Top of Input records
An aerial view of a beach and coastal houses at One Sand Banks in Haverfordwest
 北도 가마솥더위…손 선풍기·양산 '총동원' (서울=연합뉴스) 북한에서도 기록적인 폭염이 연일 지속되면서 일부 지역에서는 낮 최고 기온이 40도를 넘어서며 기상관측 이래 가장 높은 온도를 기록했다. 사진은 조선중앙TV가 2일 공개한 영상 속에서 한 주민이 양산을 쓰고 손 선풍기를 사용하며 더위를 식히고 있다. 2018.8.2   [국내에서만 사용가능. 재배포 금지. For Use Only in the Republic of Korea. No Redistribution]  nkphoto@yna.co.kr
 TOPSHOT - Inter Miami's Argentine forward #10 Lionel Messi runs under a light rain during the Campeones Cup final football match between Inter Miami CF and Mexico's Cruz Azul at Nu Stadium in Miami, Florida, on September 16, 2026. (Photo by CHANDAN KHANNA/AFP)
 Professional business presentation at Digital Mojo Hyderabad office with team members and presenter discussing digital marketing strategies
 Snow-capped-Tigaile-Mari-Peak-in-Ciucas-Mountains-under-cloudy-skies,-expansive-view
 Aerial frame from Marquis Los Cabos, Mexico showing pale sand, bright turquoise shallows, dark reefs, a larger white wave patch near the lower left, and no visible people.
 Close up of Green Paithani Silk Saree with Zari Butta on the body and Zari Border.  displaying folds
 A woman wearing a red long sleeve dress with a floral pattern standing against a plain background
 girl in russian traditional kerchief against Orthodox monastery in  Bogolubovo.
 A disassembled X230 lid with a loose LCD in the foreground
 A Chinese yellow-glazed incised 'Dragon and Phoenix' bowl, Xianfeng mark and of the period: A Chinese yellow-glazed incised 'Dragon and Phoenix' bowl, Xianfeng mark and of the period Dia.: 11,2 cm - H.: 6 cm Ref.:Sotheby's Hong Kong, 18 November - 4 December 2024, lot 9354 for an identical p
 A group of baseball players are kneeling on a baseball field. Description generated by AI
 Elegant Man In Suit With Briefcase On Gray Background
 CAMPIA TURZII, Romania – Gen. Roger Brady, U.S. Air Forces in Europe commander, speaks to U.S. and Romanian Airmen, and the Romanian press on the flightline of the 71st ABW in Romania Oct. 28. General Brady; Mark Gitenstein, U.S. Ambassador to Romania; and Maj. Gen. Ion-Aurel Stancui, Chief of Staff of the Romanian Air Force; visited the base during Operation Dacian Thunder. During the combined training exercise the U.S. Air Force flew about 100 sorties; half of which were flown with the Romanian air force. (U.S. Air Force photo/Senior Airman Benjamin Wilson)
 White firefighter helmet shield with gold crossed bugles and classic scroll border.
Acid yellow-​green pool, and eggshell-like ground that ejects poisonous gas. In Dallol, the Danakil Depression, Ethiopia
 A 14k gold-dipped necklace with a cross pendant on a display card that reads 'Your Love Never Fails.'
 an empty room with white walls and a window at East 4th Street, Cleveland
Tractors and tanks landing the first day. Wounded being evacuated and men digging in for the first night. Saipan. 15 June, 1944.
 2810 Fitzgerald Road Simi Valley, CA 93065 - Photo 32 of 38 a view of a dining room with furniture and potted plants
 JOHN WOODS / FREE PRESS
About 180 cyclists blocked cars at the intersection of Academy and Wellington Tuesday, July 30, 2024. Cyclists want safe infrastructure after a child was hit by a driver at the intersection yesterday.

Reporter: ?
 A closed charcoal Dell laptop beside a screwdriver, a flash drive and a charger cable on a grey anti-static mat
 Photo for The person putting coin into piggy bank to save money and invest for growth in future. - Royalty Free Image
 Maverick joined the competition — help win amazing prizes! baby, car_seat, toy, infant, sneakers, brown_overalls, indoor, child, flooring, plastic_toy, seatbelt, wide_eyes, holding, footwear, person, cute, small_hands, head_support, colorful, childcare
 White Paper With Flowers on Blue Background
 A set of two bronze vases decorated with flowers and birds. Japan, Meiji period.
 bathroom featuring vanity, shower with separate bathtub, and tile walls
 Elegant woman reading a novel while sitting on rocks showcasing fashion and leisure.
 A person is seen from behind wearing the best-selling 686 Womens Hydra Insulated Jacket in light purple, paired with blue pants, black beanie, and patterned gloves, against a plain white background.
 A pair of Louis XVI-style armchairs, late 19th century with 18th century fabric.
Bottom of Input records
• Task description
Return only the stretch of the material above from the line holding "北도 가마솥더위…손 선풍기·양산" through the line holding "Aerial frame from", copied exactly.

• Solution to the exercise
 北도 가마솥더위…손 선풍기·양산 '총동원' (서울=연합뉴스) 북한에서도 기록적인 폭염이 연일 지속되면서 일부 지역에서는 낮 최고 기온이 40도를 넘어서며 기상관측 이래 가장 높은 온도를 기록했다. 사진은 조선중앙TV가 2일 공개한 영상 속에서 한 주민이 양산을 쓰고 손 선풍기를 사용하며 더위를 식히고 있다. 2018.8.2   [국내에서만 사용가능. 재배포 금지. For Use Only in the Republic of Korea. No Redistribution]  nkphoto@yna.co.kr
 TOPSHOT - Inter Miami's Argentine forward #10 Lionel Messi runs under a light rain during the Campeones Cup final football match between Inter Miami CF and Mexico's Cruz Azul at Nu Stadium in Miami, Florida, on September 16, 2026. (Photo by CHANDAN KHANNA/AFP)
 Professional business presentation at Digital Mojo Hyderabad office with team members and presenter discussing digital marketing strategies
 Snow-capped-Tigaile-Mari-Peak-in-Ciucas-Mountains-under-cloudy-skies,-expansive-view
 Aerial frame from Marquis Los Cabos, Mexico showing pale sand, bright turquoise shallows, dark reefs, a larger white wave patch near the lower left, and no visible people.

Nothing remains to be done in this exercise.